(Web page caption snippets)

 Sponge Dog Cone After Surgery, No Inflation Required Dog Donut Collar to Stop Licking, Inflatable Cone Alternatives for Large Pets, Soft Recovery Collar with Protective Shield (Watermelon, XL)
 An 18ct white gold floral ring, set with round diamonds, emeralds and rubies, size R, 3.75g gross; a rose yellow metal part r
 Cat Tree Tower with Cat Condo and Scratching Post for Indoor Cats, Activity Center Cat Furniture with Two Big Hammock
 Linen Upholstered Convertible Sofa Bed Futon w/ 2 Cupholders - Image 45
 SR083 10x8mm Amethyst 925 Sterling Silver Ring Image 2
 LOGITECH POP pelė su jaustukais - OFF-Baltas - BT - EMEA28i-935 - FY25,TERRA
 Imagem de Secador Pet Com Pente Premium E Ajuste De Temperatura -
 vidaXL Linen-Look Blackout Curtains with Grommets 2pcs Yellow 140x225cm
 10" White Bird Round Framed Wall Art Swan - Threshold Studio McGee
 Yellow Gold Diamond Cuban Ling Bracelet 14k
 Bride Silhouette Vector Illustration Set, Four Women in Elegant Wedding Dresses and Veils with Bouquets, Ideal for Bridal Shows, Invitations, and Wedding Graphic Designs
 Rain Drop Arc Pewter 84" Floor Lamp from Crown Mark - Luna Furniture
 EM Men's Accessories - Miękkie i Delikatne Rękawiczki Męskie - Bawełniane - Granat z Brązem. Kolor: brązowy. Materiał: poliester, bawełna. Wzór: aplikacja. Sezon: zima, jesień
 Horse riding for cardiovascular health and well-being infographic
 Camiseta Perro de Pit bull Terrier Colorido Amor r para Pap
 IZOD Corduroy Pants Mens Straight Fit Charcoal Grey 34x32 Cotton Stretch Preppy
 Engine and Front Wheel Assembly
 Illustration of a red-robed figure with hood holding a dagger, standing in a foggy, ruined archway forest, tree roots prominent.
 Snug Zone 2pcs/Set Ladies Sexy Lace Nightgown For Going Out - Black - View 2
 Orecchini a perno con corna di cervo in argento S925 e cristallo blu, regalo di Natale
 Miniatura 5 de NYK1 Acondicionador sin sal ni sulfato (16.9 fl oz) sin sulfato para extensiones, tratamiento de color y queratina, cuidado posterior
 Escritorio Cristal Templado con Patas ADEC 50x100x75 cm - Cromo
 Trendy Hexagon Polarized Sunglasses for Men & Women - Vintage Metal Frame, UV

What you are asked to do
Wherever the word "Furniture" occurs in the data, copy that whole line.

Response
 Cat Tree Tower with Cat Condo and Scratching Post for Indoor Cats, Activity Center Cat Furniture with Two Big Hammock
 Rain Drop Arc Pewter 84" Floor Lamp from Crown Mark - Luna Furniture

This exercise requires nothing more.